Emilie Frèche mérite-t-elle mieux que Besson ?

Couv_UnHommeDangereux

Quand une romancière nunuche entre dans le jeu de séduction d’un écrivain people un peu chelou, ça donne quoi ? Un ratage sans humour.

On ne dira jamais à quel point les SMS font du mal non seulement à leurs auteurs et leurs destinataires, mais aussi à la littérature. Dernière victime en date : Emilie Frèche , dont le dernier roman, Un Homme dangereux,  fait rigoler nombre de critiques littéraires s’envoyant depuis juin les meilleures perles par S.M.S. (on n’en sort pas).

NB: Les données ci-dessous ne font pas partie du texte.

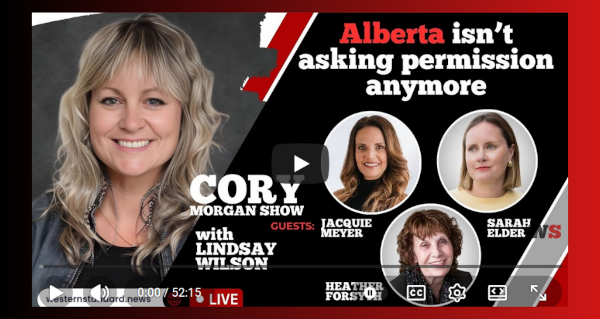 Video | Alberta isn’t asking permission anymore by Cory Morgan Show | Lindsay Wilson | Western Standard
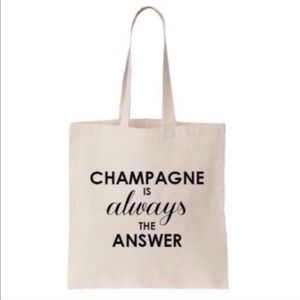 5/20 Champagne is Always the Answer Tote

Dans cet ouvrage à priori d’inspiration autobiographique (après tout, qu’importe ce qui relève de la réalité et de l’imagination), la romancière de Chouquette décrit le désarroi d’une jeune femme de lettres et scénariste, mariée avec enfants, dont le couple bat de l’aile. C’est alors qu’elle tombe sur Benoît Parent. Un pré-sexagénaire bien connu dans Saint-Germain-des-prés avec « une allure sévère, des petites lunettes à monture en titane qui n’arrangeaient rien», tenant une chronique hebdomadaire dans Le Point et qui « en dépit de ses distinctions  et de ses succès, (…) savait qu’il n’était pas Dostoïevski » – toute ressemblance avec, mettons, Patrick Besson, (ne) serait (pas forcément) fortuite… Ce vieux renard chercherait-il à «pécho» cette fille un peu perdue, à grands coups de textos potaches, enflammés ou plus généralement provocateurs ? On a beau prévenir la narratrice: attention, ce type qui « aime les Juives » est louche. La malheureuse, franchement nunuche, va alors entrer dans son jeu. Mais jusqu’où ? Explorer les mécanismes de la perversité – ou présupposée comme telle -, est toujours une entreprise intéressante, d’autant qu’Emilie Frèche a la plume plutôt alerte. Mais la désespérante naïveté de sa narratrice gangrène le récit, jusqu’à provoquer les fous rires nerveux.

On oscille alors entre la chick lit people et le roman bourgeois ennuyeux, parasité par un manque d’humour (volontaire) pathologique. Dès lors, les considérations sur l’antisémitisme, omniprésentes au coeur du texte et qui pourraient être intéressantes, alourdissent cette fiction déjà pataude, finissant de rendre cet Homme dangereux moins inoffensif que désolant.